=== Dataset extract ===

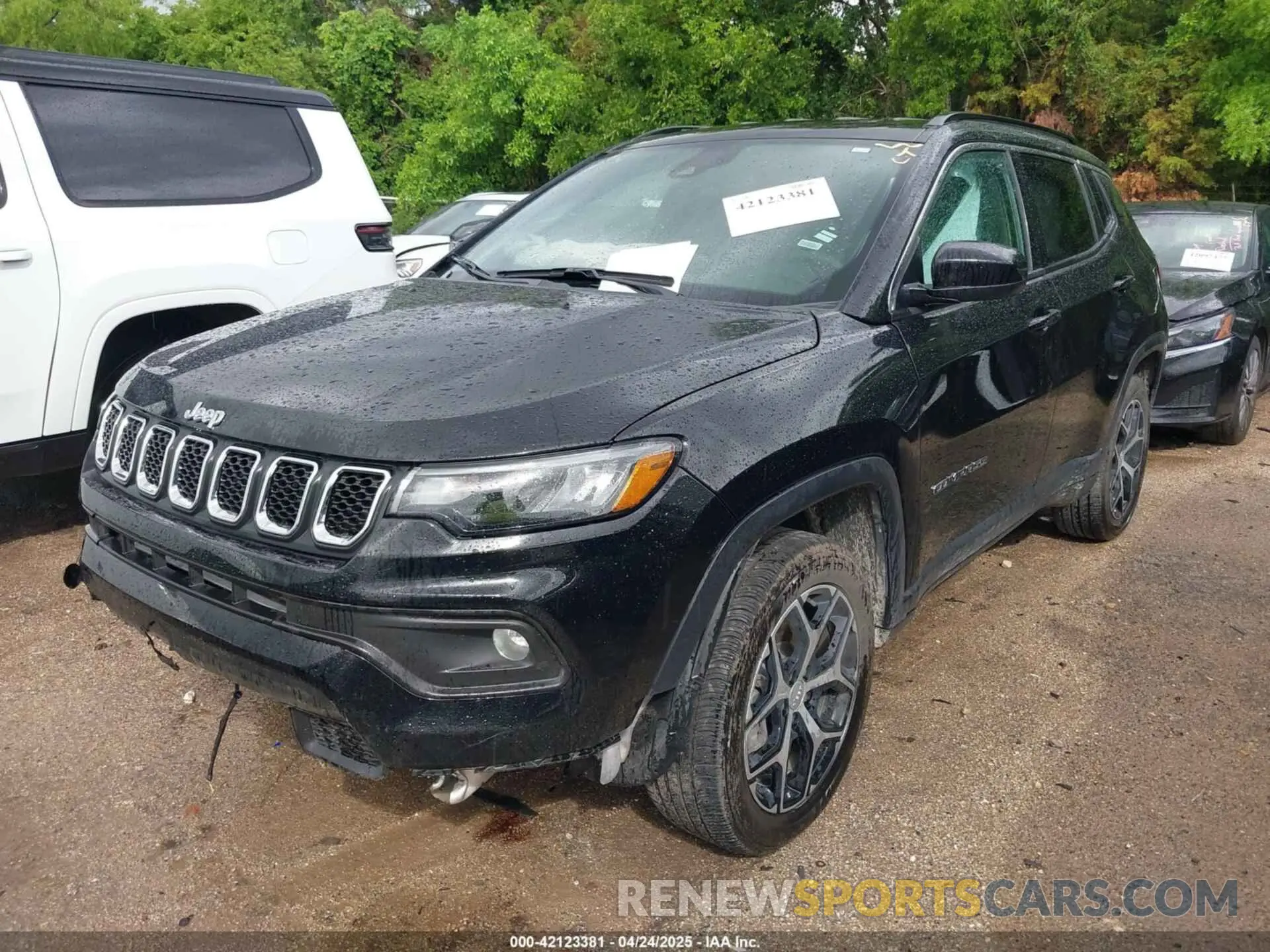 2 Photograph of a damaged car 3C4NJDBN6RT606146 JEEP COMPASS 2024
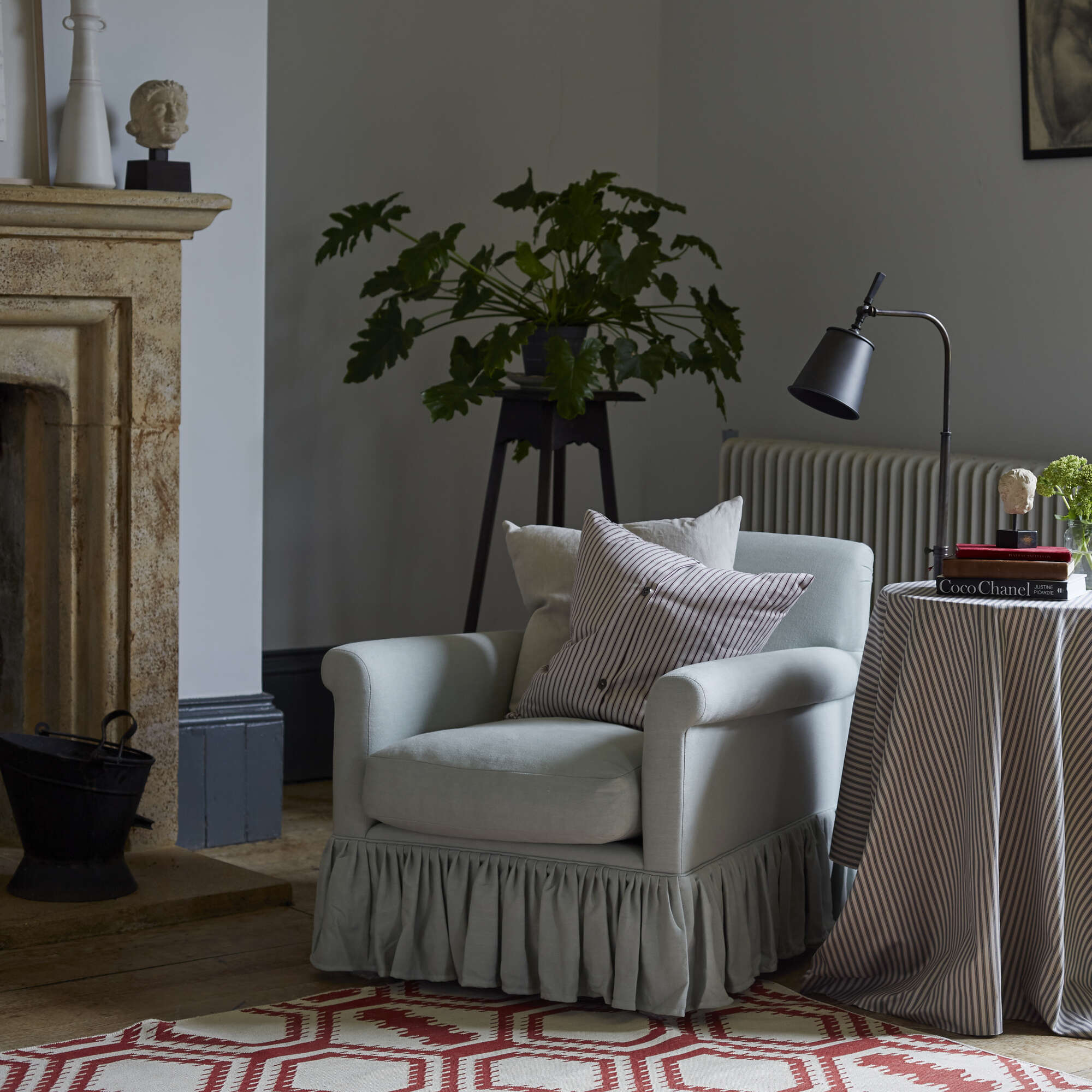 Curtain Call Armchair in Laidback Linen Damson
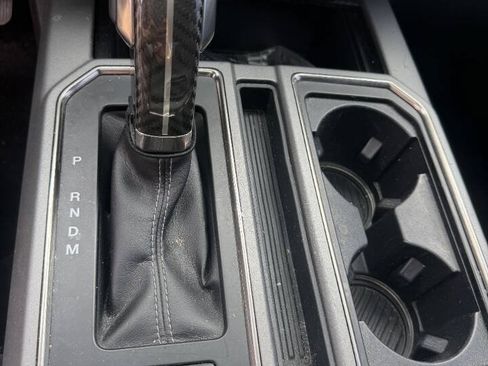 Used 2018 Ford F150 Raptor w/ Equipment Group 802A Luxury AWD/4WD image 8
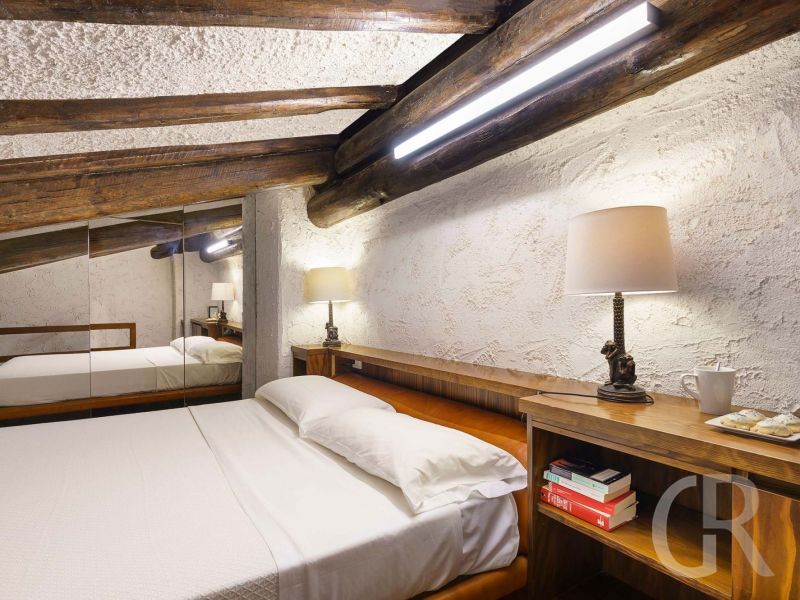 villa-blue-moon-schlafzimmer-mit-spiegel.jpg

=== Exercise instructions ===
Write out, exactly and only, the lines from the one containing "Used 2018 Ford" through the last line of the material above. Pictures do not go in the copy.

=== Task output ===
 Used 2018 Ford F150 Raptor w/ Equipment Group 802A Luxury AWD/4WD image 8
 villa-blue-moon-schlafzimmer-mit-spiegel.jpg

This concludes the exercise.